Cub Scouting Has Ideals. In an age when values seem old-fashioned or even passé, the Scout Oath and Scout Law, along with the Cub Scout motto, provide boys with a positive set of values and dispositions to aspire to. As short, declarative statements, the Scout Law offers a positive set of values to live up to. The Oath, Law, and motto are a pathway to good citizenship.
Cub Scouting Provides Adventure. Cub Scouting helps fulfill a boy’s desire for adventure and allows him to use his vivid imagination while taking part in skits, games, field trips, service projects, and more. Boys find adventure in exploring the outdoors, learning about nature, and gaining a greater appreciation for our beautiful world.
Cub Scouting Helps Boys Develop Skills and Interests. Cub Scouts learn many useful and varied skills. They develop ability and dexterity, and they learn to use tools and to follow instructions. Badges and awards encourage them to learn about a variety of subjects, including conservation, safety, physical fitness, community awareness, sports, and religious activities. The skills they learn and interests they develop could lead them to careers or lifelong hobbies.

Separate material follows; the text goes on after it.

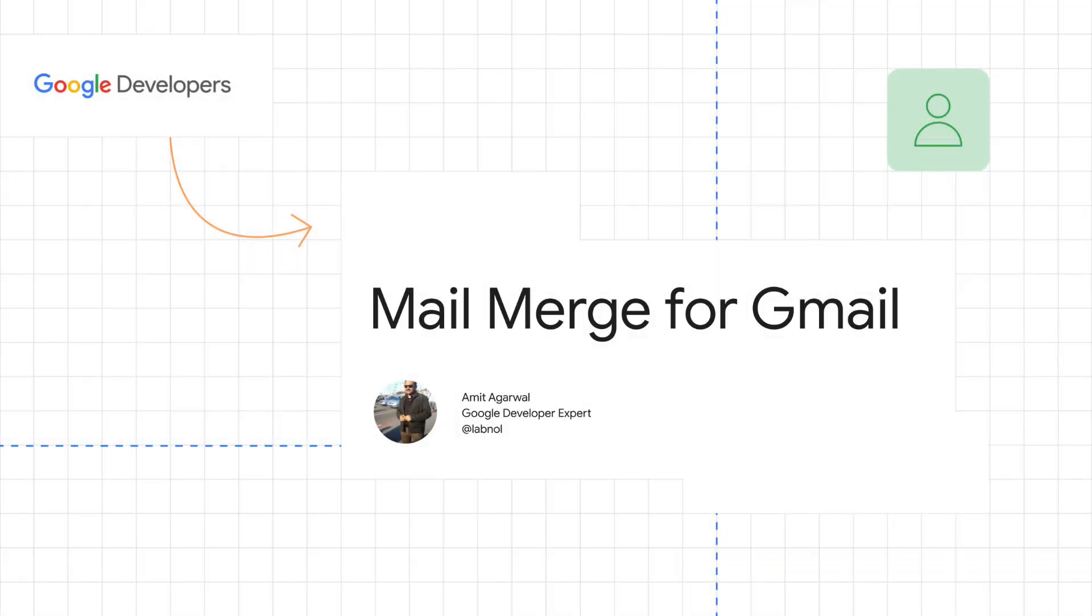My name is Amit Agarwal. I am a Google developer expert for G Suite and this is a tutorial on how you can use mail merge with Gmail.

Cub Scouting Has an Advancement Plan. The Cub Scout advancement plan recognizes boys’ individual efforts and achievements, teaches them to do their best, and strengthens family ties as leaders and family members work with them on requirements. Boys enjoy receiving badges for their achievements, but the real benefit comes from the skills, knowledge, and self-esteem they develop along the way.
Cub Scouts Belong. Belonging is important to boys; they like to be accepted as part of a group. In Cub Scouting, boys take part in interesting and meaningful activities with their friends, learning sportsmanship, citizenship, and loyalty. The Cub Scout uniform, symbols like the Cub Scout sign, and being a member of a den help boys feel part of a distinct group that shares a common purpose.
Cub Scouting Teaches Boys to Reach Out. Cub Scouting provides opportunities for boys to reach out into the wider community while maintaining a link with secure foundations at home, school, and religious organizations. Through field trips, boys get to know their community better. Through service projects and other community activities, they learn what it means to be a good citizen.
Cub Scouting Teaches Duty to God and Country. Through interfaith activities and the religious emblems program, Cub Scouting helps boys fulfill their duty to God. Through flag ceremonies, service projects, and other activities, Cub Scouting helps boys become useful and participating citizens.
Cub Scouting Provides a Year-round Program. When school ends, Cub Scouting continues. Boys have more free time during the summer, so summer is a great time for Cub Scouting. Den and pack activities take on a more informal feel and are often held outdoors. Day camp and resident camp programs run by Scouting districts and councils are often the highlight of the Cub Scout year, offering activities that local packs couldn’t easily provide.
Cub Scouting Helps Organizations. A Cub Scout pack is chartered by an organization in your community—a school-based parents’ organization, a religious organization, or a service club or organization. Cub Scouting is a resource that organization uses to further its outreach and achieve its goals for serving young people.